Exercise brief –
Give the records again word for word. Leave every picture out.

Records shown –
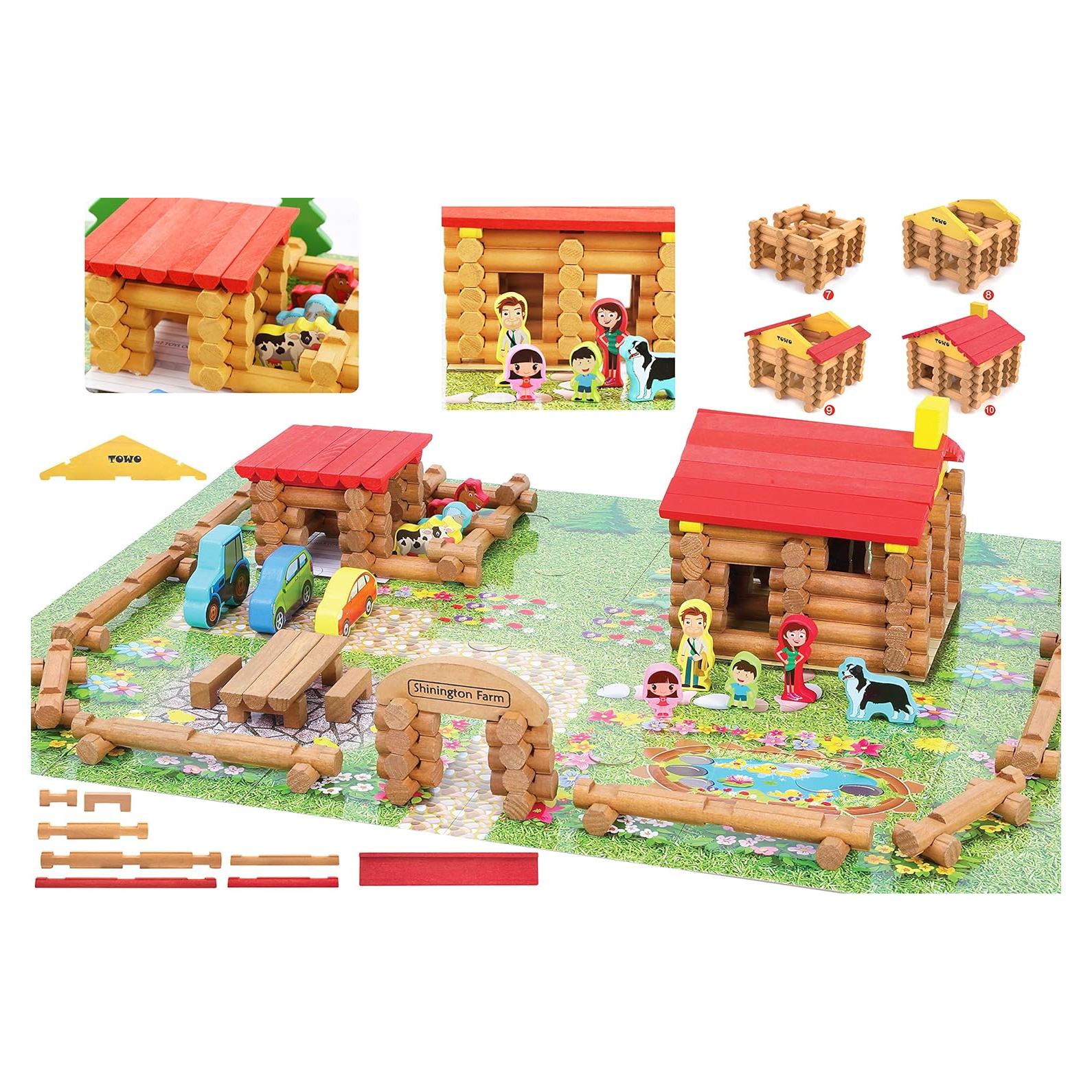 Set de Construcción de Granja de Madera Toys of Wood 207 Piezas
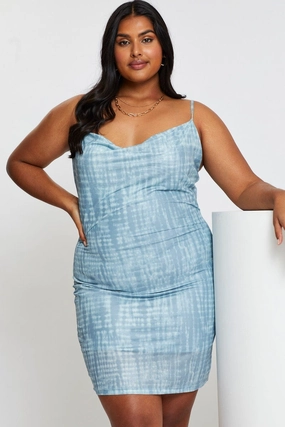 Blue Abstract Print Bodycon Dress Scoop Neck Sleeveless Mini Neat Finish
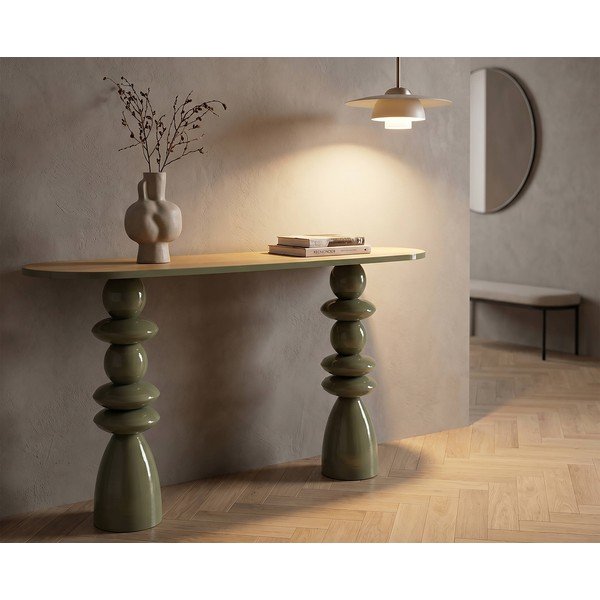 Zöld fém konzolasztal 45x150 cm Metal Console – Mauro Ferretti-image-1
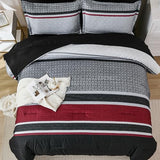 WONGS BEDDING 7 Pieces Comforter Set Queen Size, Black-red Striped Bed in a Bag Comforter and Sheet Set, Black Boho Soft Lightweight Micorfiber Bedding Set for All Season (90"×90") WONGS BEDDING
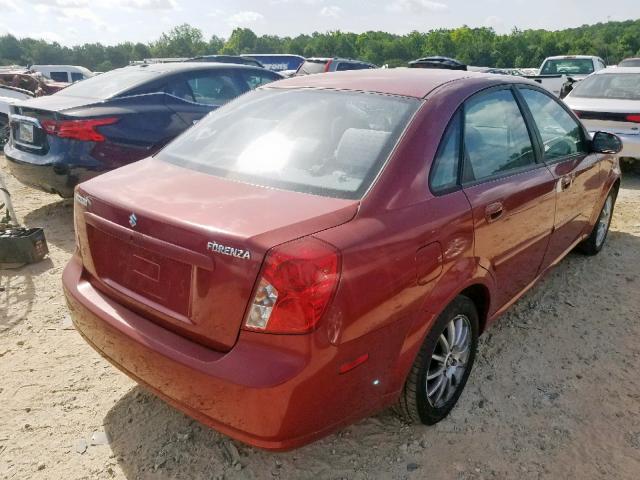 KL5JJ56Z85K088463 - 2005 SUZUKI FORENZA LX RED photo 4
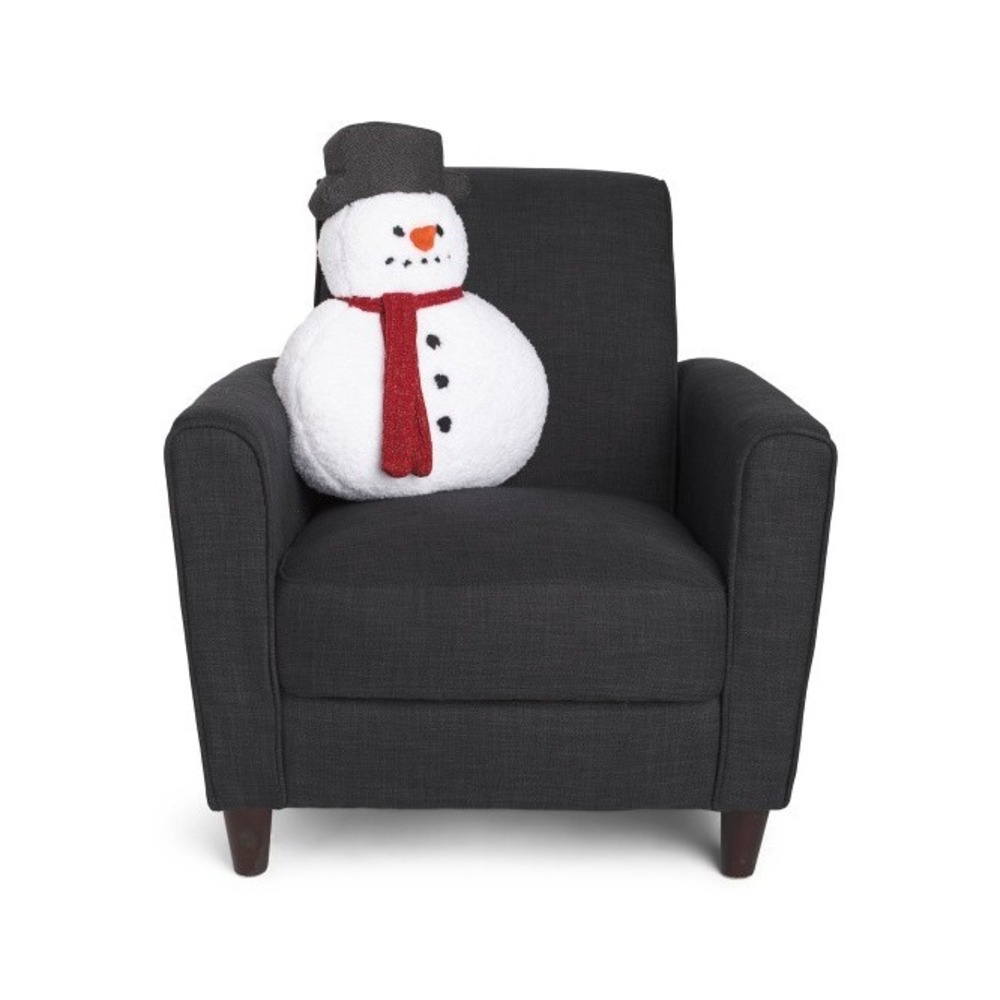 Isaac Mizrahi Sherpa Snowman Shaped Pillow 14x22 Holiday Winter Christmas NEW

Answer to the problem –
 Set de Construcción de Granja de Madera Toys of Wood 207 Piezas
 Blue Abstract Print Bodycon Dress Scoop Neck Sleeveless Mini Neat Finish
 Zöld fém konzolasztal 45x150 cm Metal Console – Mauro Ferretti-image-1
 WONGS BEDDING 7 Pieces Comforter Set Queen Size, Black-red Striped Bed in a Bag Comforter and Sheet Set, Black Boho Soft Lightweight Micorfiber Bedding Set for All Season (90"×90") WONGS BEDDING
 KL5JJ56Z85K088463 - 2005 SUZUKI FORENZA LX RED photo 4
 Isaac Mizrahi Sherpa Snowman Shaped Pillow 14x22 Holiday Winter Christmas NEW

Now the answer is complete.